Cliff Craven of Target Multi-Media, left, and Blain Sepos of the Parksville Qualicum Beach Tourism Association show off an interactive historic tour panel at the Rod & Gun Bar and Grill in Parksville. The site is one of 10 on an historic tour of the mid-Island.

Cliff Craven of Target Multi-Media, left, and Blain Sepos of the Parksville Qualicum Beach Tourism Association show off an interactive historic tour panel at the Rod & Gun Bar and Grill in Parksville. The site is one of 10 on an historic tour of the mid-Island.

Filmmaker brings Parksville Qualicum Beach history to life

Tour features interactive panels outside historic locations, sites

Cliff Craven spent much of his career travelling the world.

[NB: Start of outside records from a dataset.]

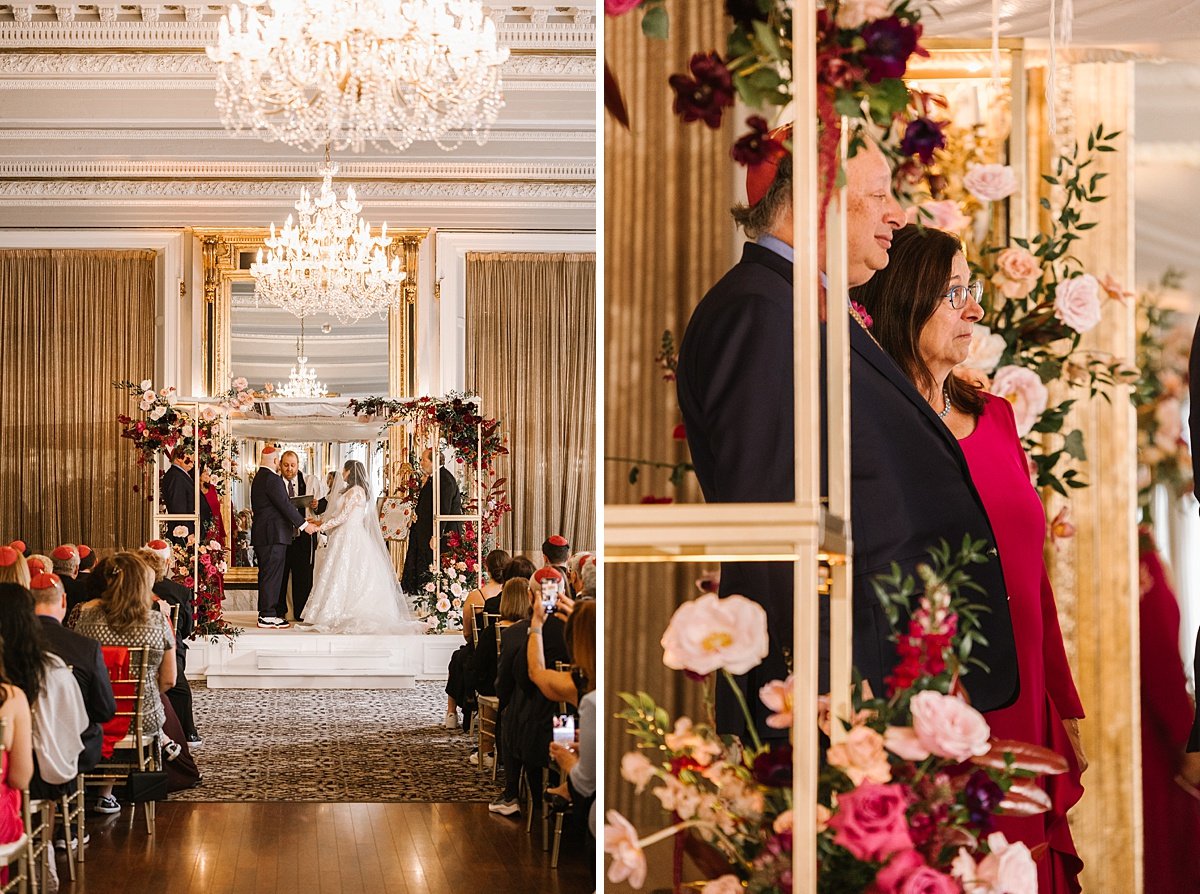 urban-row-photo-belvedere-wedding-burgundy-gold-chuppah_0037.jpg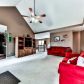 80 Mill Pointe Place, Dallas, GA 30157 ID:15474334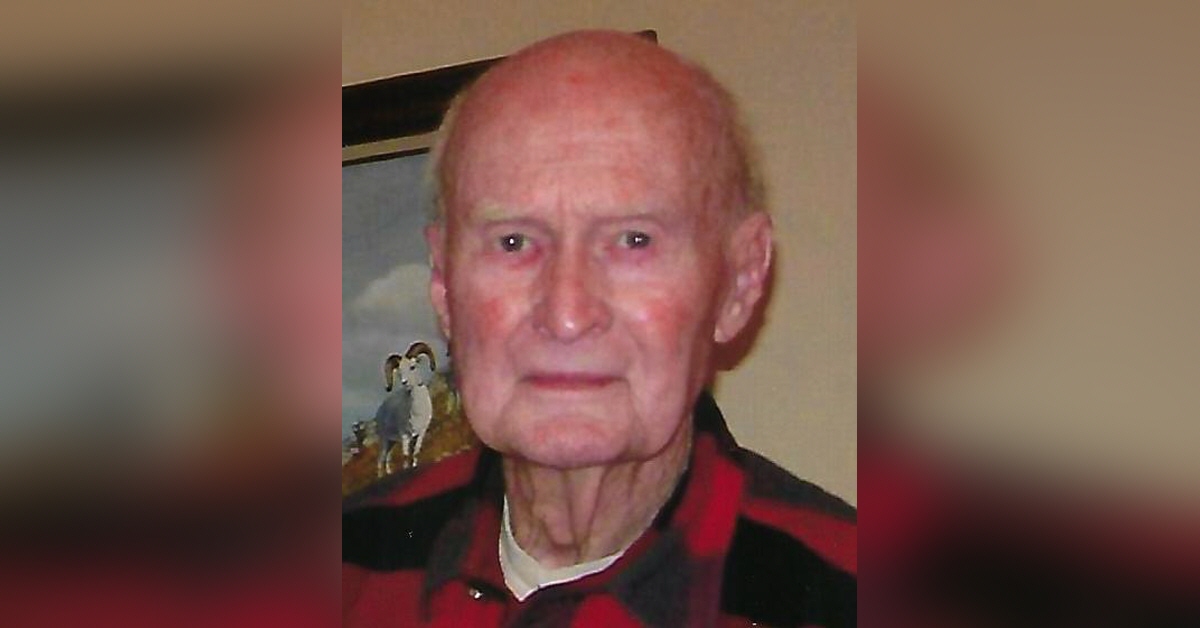 Obituary information for Donald Ray Adams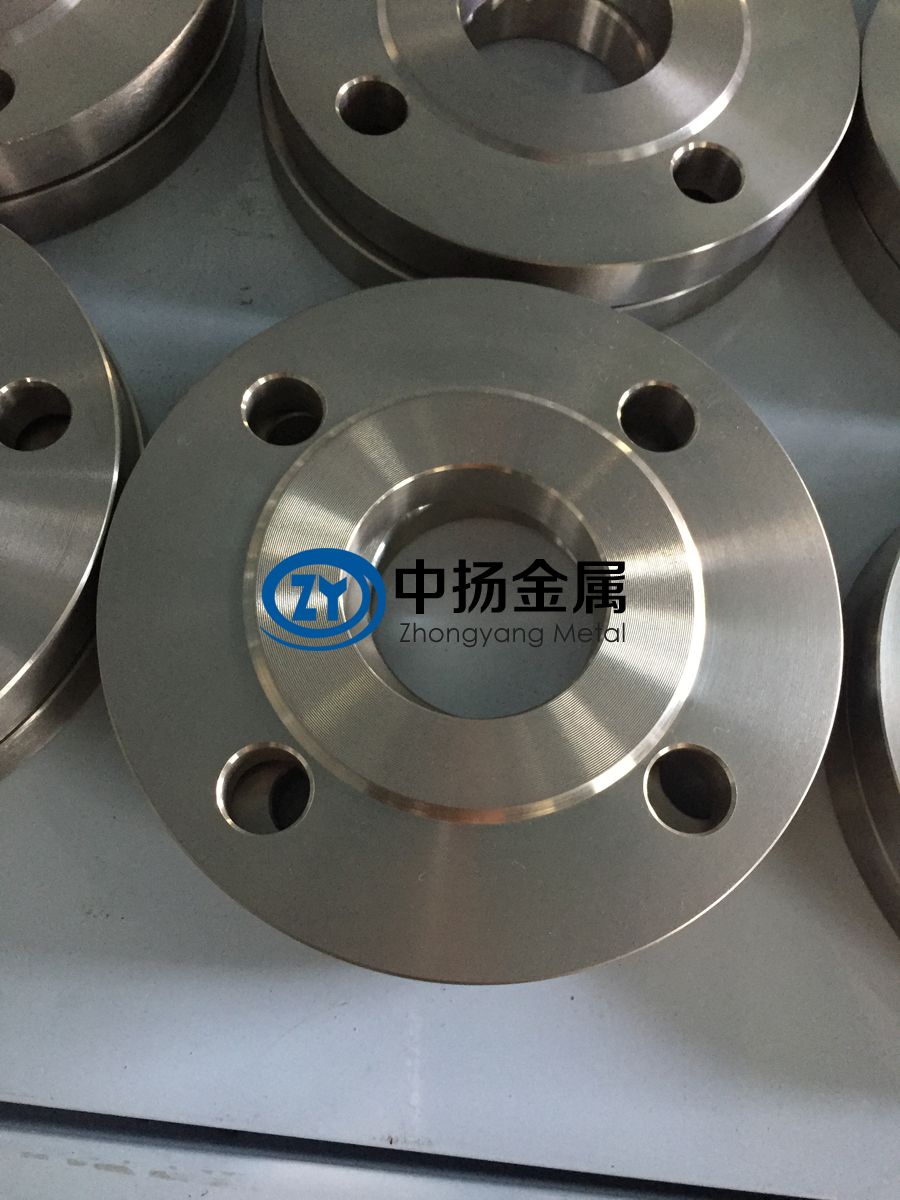 1594717828609795.jpg 鈦合金法蘭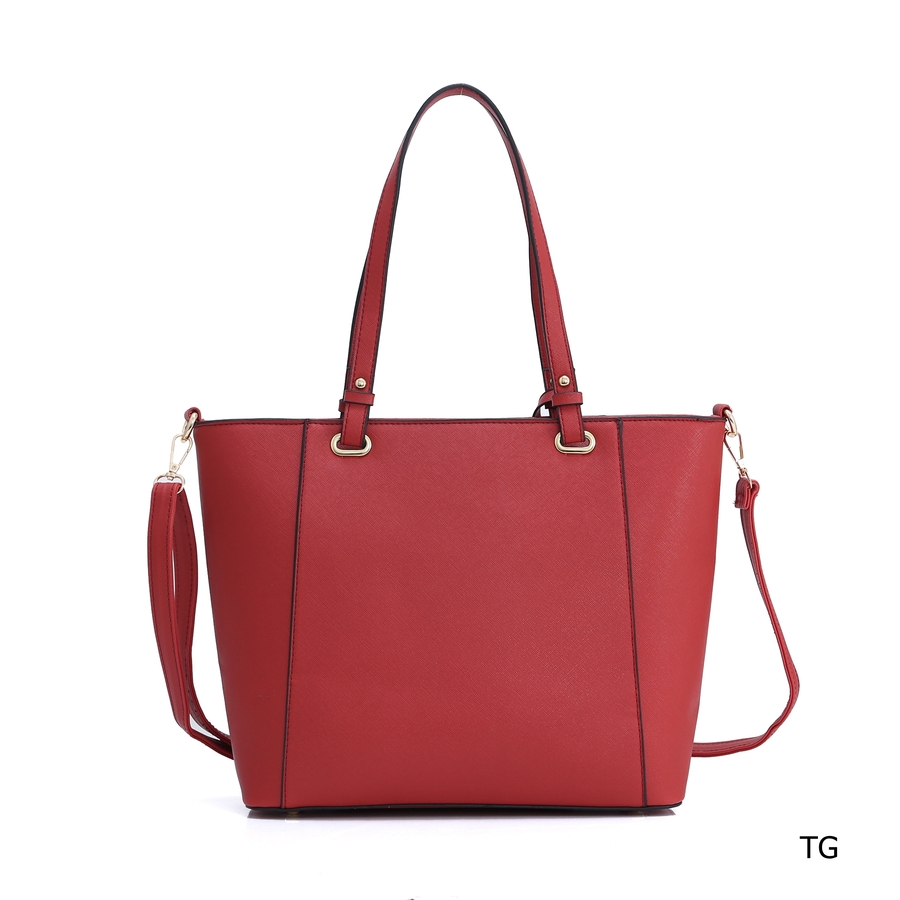 Guess Handbags #416108 replica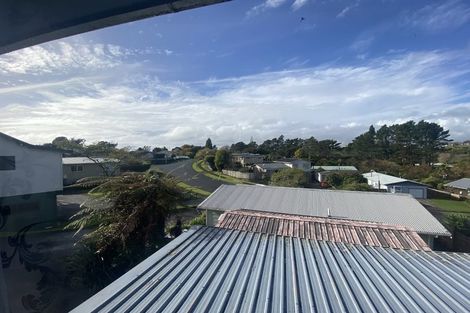 Photo of property in 36a Carlton Terrace, Westown, New Plymouth, 4310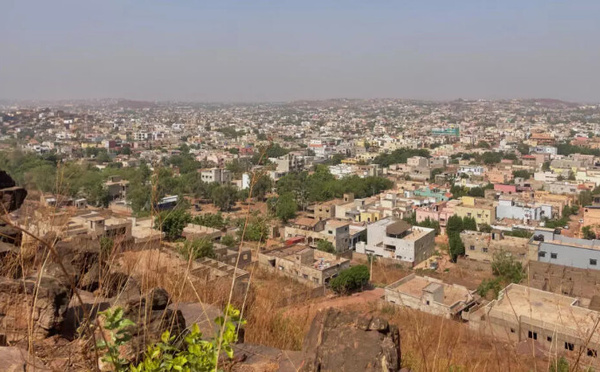 Enlèvements au Mali: l'expert onusien appelle les autorités à enquêter en respectant le droit
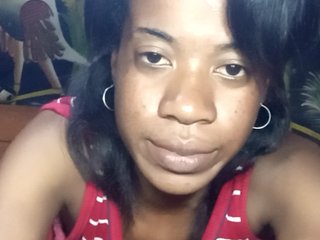 Erotik görüntülü sohbet Melanie94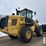 2016-caterpillar-930m-image-10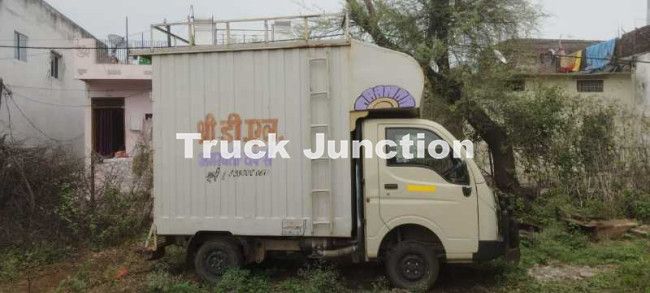 used truck image used truck image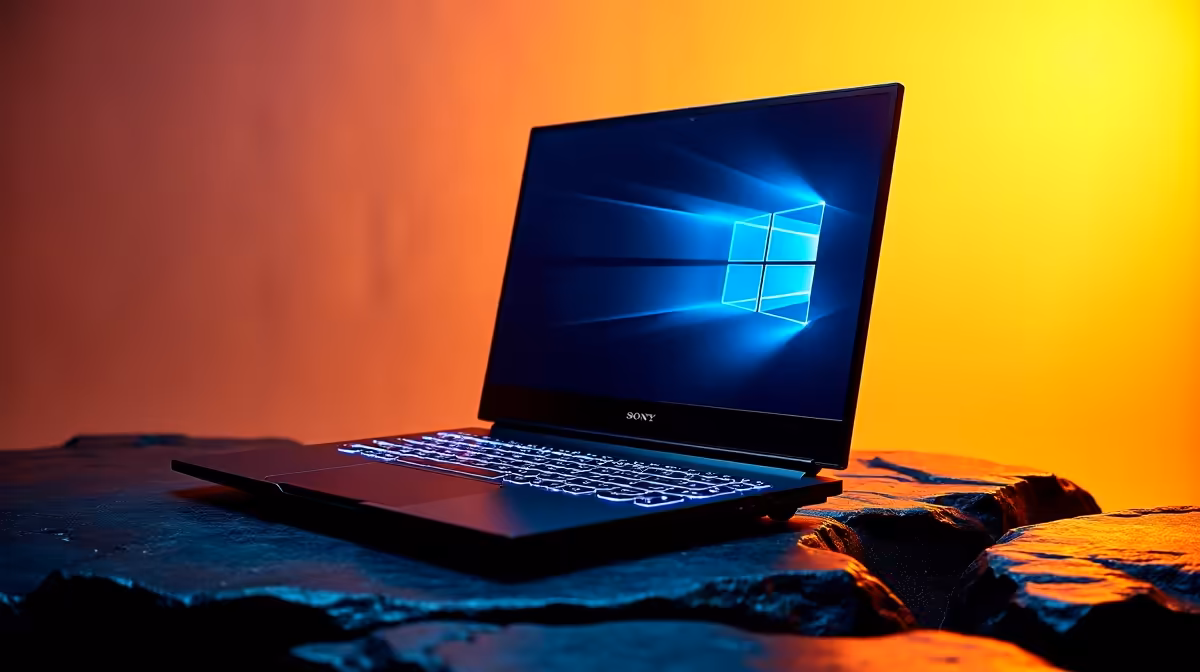 DUT Laptops Under R8000: Q1 Report
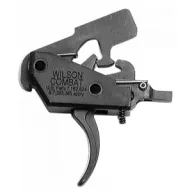 Wilson Combat Tactical Trigger Unit, Wils Trttum2 Tac Trigger 2s Match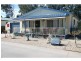 36 Oasis Drive, Oasis Village, Cobram VIC 3644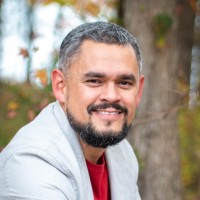 Jason Torres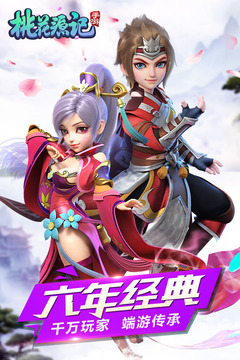 �һ�Դ�ǰ�׿��v11.00.06��ͼ0
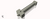 Isometric View of 1.5HHFHF10NCK1S4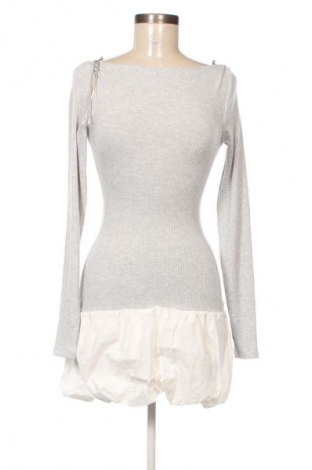 Kleid Bershka, Größe S, Farbe Mehrfarbig, Preis € 12,99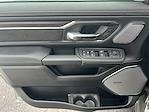 New 2026 Ram 1500 Laramie Crew Cab for sale #R32687 - photo 5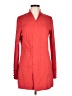 Cyrus Red Cardigan Size L - photo 1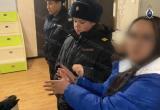 Виновна! В Челябинской области вынесен приговор женщине, убившей 6-месячного сына. Малыш громко плакал, и пьяная мать жестоко избила ребенка Виновна! В Челябинской области вынесен приговор женщине, убившей 6-месячного сына. Малыш громко плакал, и пьяная мать жестоко избила ребенка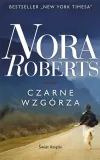 czarne-wzgorza-nora-roberts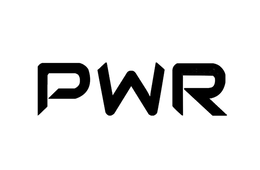 pwr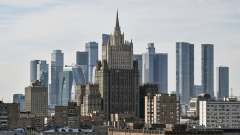 В МИД РФ анонсировали жесткий ответ Германии после инцидента в Лейпциге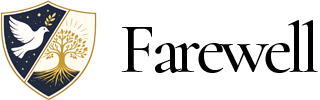 SMC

His latest project is meant to bring the world’s travellers here.

Craven, 60, has operated Target Multi-Media from his Qualicum Beach home since relocating from Vancouver 14 years ago.

A documentary film and multimedia producer whose work has been broadcast by National Geographic, Discovery Channel and the Aboriginal Peoples Television Network (APTN), Craven also created an oral history for the Qualicum Beach Museum.

Most recently, he teamed with the Parksville Qualicum Beach Tourism Association to create a history tour of interactive panels placed at 10 historic locations ranging from Nanoose Bay to Qualicum Beach.

“In the research for the oral history for Qualicum Beach museum, we found some really great stories and I became quite interested in Qualicum Beach,” said Craven, who has since joined the museum’s board of directors. “I got kind of hooked on telling those stories.”

The newly created tour expands that history to locations including the Walter Ford house in Coombs, the Rod & Gun Bar and Grill in Parksville and General Alexander McRae’s Eaglecrest Lodge in Qualicum Beach.

Each location is marked by a didactic panel with photos, a brief written history and a map of the tour’s stops. Each panel also contains a QR code that visitors may scan with their cell phones to jump to the PQBTA website to see a video created by Target and to find other information.

“Some of these spots, for example the Eaglecrest Lodge, you can be standing there and looking at a historic building, but you can’t walk in and get that history,” said Blain Sepos, executive director of the PQBTA. “When they capture the code, our visitors are able to get that experience.”

Sepos originally met Craven during the latter’s work for Qualicum Beach Museum. The two began working together a few years ago when PQBTA was exploring ways to promote “experience development” tourism for the mid-Island’s shoulder and off-seasons.

“In my travels I saw other communities that had put together historical plaques and tours,” said Craven. “Getty tours in L.A. had a mobile app, that if you go to any display and punch in a code, it would give you the background.

“I started putting these two things together and thought, why not have these didactic panels around town?”

Craven and Sepos pitched the concept to the B.C. Museum Association when it held its annual conference in Parksville in 2013. The two also worked together to secure grant funding from Destination B.C., Heritage B.C. and the Regional District of Nanaimo.

“He was here and able to capture the stories and help with sign installation and other things,” Sepos said of Craven. “If not, much more of it would have landed on my plate and probably taken quite a bit longer. Or not happened.”

Writing, visual research and design of the panels was done by Craven’s wife, Leona Matte, who also assisted him with creating the mobile video vignettes. Graphics production was contributed by Irwin Huber, Craven said.